What No One Tells You About Risk: The Payoff Isn’t Always What You Expect
So, here’s where you think I say, “And then everything turned around.” But life isn’t a Hallmark movie—or at least, mine wasn’t. Things didn’t “turn” so much as they meandered into a better place.
I got a part-time job at a secondhand bookstore, my first real sense of routine in this city. Little did I know, shelving novels and chatting with customers about their favorite authors would do more for my creativity than any perfectly planned writing schedule. At night, I kept at my stories—though some nights were spent crumpling drafts, dramatically sighing, and staring at the damp ceiling of my rented room.
My first novel—a historical romance set in a fictionalized Nantucket during a whaling downturn—didn’t sell immediately. In fact, it sat in digital rejection purgatory for nearly eight months. But that book taught me how to fail gracefully, how to keep showing up even when there’s nothing tangible to prove you’re on the right path. And, eventually, it found a home. Rough patches and all, Edinburgh had reignited something I lost somewhere between childhood curiosity and adult responsibility.
So, Should You Take the Leap?
Risks, whether in love, work, or life, feel different for everyone. Maybe yours isn’t about hopping on a plane with a semi-edited manuscript and a vague aspiration; maybe it’s telling someone how you feel after months of wondering if you should. Either way, the common thread is this: risk demands vulnerability. And vulnerability, terrifying as it is, is where the good stuff happens.

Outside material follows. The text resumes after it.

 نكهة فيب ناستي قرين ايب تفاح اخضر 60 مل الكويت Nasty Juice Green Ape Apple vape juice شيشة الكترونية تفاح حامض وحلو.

Here are a few things I’d learned along the way about diving headfirst into the unknown:
- Your Plan Won’t Go According to Plan. This isn’t pessimism—it’s permission to adapt. Flexibility is the lifeboat when the seas get rough, so leave room for surprises.
- You Don’t Need All the Answers Right Away. Uncertainty didn’t kill me, even though I was sure it would at the time. Take decisions one day at a time.

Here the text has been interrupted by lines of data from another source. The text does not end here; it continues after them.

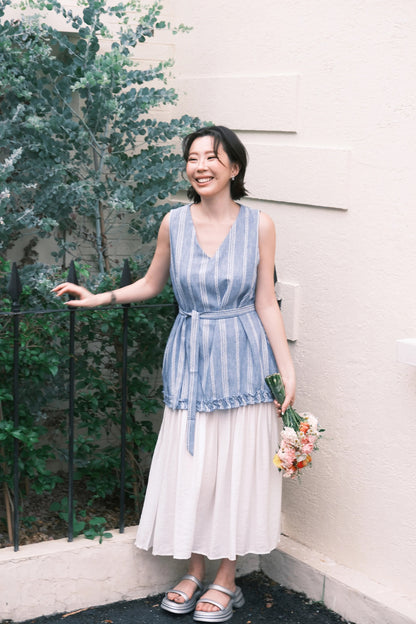 Émilie Layered Dress in Dark Blue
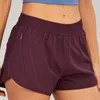 LULU052 Roupas femininas de ioga Shorts de cintura alta para exercícios Calças curtas Roupas de fitness para meninas correndo elásticas para adultos Calças esportivas para evitar mau funcionamento do guarda-roupa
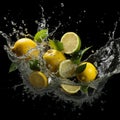 Citrus Fruits on black background with water splash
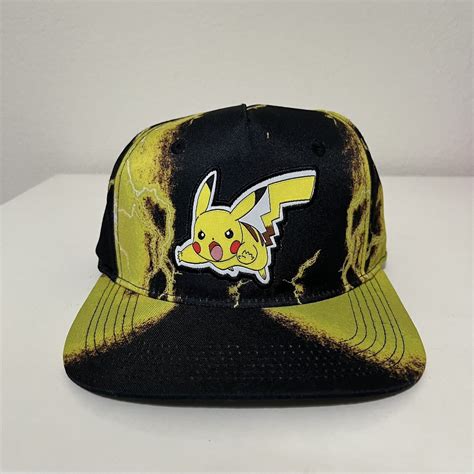 Bioworld Pokemon Pikachu Adjustable Snapback Hat Yell Gem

- Give Yourself Permission to Fail. Failure isn’t a character flaw. More often, it’s how you find the cracks where creativity, growth, or a better path can slip through.
- Be Open to Small Joys. Sometimes, progress is as tiny and random as a stranger telling you they liked your hat (true story—it made my week). The big breakthroughs will come, but don’t overlook the little moments in between.
Anchors Away
When I returned to Nantucket months later to visit family, the island felt different—not because it had changed, but because I had. The risks I’d taken hadn’t turned me into a millionaire novelist overnight, but they did help me understand myself better in ways no routine back home ever could. It turns out the point of risk isn’t about guarantees or instant success—it’s about proving to yourself that you’re more capable than you think.
Now, whether I'm picking up threads of local history or navigating tricky emotional waters in relationships (spoiler: they share a lot of overlapping storms), I remember this: those leaps, no matter how small they seem, almost always land somewhere meaningful.